2011 Chevrolet Volt charging port
Sure you can go an estimated 300 additional miles on the range-extend mode, but now we are told you have to fill’er up with premium fuel? That makes the deal a little less appetizing when paired with a $41K sticker price and considering that fuel economy estimates in range-extend mode have been placed right about 38 mpg. Yikes, stripes, that is less than the new 2011 Ford Fiesta and sounds a lot like the Smart car dilemma I recently wrote about in my “Great Smart Car Road Trip” series (more here). This is the trick as I see it and the way it has been explained by GM: Most people drive under 40 miles a day, so the Volt should theoretically work with their lifestyle and allow them to drive gasoline free for the majority of their driving. However, in case they want or have to travel greater distance the range-extend mode can be activated for up to about 300 additional miles of travel.
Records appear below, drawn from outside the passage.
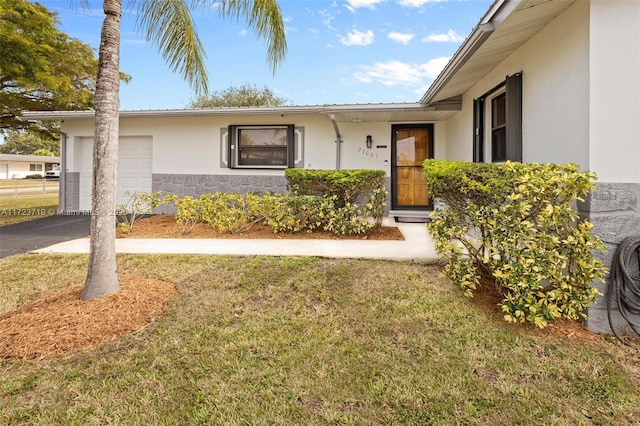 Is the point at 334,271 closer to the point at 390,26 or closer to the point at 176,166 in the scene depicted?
the point at 176,166

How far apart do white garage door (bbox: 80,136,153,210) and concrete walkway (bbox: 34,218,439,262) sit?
→ 373 centimetres

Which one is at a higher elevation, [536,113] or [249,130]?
[249,130]

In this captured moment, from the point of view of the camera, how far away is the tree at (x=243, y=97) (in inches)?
803

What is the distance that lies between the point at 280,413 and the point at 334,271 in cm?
225

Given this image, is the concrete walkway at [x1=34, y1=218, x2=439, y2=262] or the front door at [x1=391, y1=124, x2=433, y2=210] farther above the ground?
the front door at [x1=391, y1=124, x2=433, y2=210]

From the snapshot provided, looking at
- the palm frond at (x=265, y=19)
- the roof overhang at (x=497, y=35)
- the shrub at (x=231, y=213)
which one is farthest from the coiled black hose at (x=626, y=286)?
the shrub at (x=231, y=213)

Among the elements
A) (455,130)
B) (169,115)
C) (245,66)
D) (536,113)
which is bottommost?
(536,113)

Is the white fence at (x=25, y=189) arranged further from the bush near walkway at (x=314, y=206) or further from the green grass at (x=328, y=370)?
the green grass at (x=328, y=370)

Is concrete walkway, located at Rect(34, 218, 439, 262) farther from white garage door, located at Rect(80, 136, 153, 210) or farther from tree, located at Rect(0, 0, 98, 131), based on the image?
tree, located at Rect(0, 0, 98, 131)

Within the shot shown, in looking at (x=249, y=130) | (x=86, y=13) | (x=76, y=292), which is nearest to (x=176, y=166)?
(x=249, y=130)

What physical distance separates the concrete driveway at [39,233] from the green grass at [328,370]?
2.71m

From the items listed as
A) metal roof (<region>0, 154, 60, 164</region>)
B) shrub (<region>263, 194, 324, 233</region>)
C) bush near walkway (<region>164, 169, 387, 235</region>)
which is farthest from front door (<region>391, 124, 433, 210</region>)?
metal roof (<region>0, 154, 60, 164</region>)

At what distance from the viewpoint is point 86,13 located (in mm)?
4223

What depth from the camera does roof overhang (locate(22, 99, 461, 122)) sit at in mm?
7188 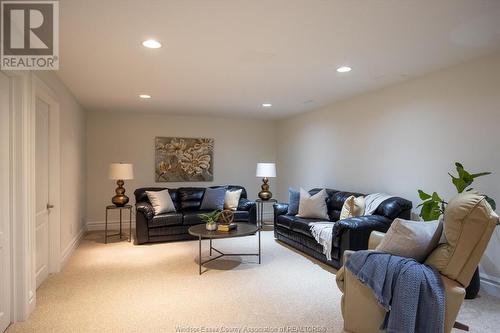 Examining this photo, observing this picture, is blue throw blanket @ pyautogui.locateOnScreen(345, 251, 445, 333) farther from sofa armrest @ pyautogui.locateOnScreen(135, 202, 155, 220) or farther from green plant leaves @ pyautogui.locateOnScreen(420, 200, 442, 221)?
sofa armrest @ pyautogui.locateOnScreen(135, 202, 155, 220)

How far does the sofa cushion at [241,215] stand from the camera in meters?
5.90

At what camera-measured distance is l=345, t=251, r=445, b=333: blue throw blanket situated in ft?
6.73

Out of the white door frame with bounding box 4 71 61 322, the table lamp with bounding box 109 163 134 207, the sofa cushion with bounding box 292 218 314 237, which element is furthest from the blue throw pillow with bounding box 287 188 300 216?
the white door frame with bounding box 4 71 61 322

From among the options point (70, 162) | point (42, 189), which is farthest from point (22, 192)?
point (70, 162)

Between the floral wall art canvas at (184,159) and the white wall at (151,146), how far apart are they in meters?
0.11

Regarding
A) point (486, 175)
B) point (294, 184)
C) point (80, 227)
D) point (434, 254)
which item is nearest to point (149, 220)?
point (80, 227)

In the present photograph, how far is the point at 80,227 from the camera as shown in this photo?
5621mm

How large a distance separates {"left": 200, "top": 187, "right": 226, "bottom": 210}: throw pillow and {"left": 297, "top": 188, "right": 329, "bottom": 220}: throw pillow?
5.34 feet

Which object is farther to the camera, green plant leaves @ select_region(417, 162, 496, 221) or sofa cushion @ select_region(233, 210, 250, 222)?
sofa cushion @ select_region(233, 210, 250, 222)

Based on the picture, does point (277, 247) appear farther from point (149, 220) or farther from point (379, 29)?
point (379, 29)

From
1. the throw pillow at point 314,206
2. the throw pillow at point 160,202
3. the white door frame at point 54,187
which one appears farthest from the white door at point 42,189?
the throw pillow at point 314,206

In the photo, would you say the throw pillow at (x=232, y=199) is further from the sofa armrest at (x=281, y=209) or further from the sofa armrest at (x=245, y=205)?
the sofa armrest at (x=281, y=209)

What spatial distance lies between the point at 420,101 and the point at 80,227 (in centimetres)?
558

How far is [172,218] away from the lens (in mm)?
5383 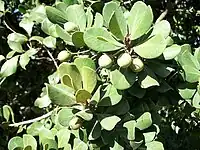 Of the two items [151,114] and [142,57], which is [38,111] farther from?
[142,57]

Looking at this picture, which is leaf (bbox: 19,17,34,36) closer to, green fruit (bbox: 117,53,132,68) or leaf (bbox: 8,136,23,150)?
leaf (bbox: 8,136,23,150)

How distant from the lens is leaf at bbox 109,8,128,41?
1103 mm

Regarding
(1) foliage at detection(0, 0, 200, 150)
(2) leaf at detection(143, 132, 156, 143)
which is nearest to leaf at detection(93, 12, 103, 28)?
(1) foliage at detection(0, 0, 200, 150)

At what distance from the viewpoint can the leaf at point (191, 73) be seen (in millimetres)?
1229

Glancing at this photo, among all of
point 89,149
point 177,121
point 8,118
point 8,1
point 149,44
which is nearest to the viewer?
point 149,44

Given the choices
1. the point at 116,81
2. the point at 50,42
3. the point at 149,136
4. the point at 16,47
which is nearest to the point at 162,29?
the point at 116,81

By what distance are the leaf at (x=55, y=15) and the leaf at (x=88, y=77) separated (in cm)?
28

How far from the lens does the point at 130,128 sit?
1186 mm

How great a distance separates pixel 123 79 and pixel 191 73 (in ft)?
0.68

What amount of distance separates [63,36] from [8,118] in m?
0.49

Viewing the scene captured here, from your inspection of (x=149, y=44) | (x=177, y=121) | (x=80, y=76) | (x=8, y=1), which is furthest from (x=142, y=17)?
(x=8, y=1)

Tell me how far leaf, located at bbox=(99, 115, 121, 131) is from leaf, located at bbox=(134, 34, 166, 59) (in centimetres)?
16

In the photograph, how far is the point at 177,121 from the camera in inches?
74.3

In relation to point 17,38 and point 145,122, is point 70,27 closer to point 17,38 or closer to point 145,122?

So who does this work for? Generally, this should be perfect for the same people that might find a Smart car attractive, but need or want more space. If you are driving in the city and you make a short trip to and froe, then you are set. Of course, then you might also consider the less expensive and purely electric Nissan Leaf. Difference between the two—the Volt give people the sense of security that they can miscalculate and still get home. Now the question that remains for the Volt is: How much less is the fuel efficiency if you put in regular?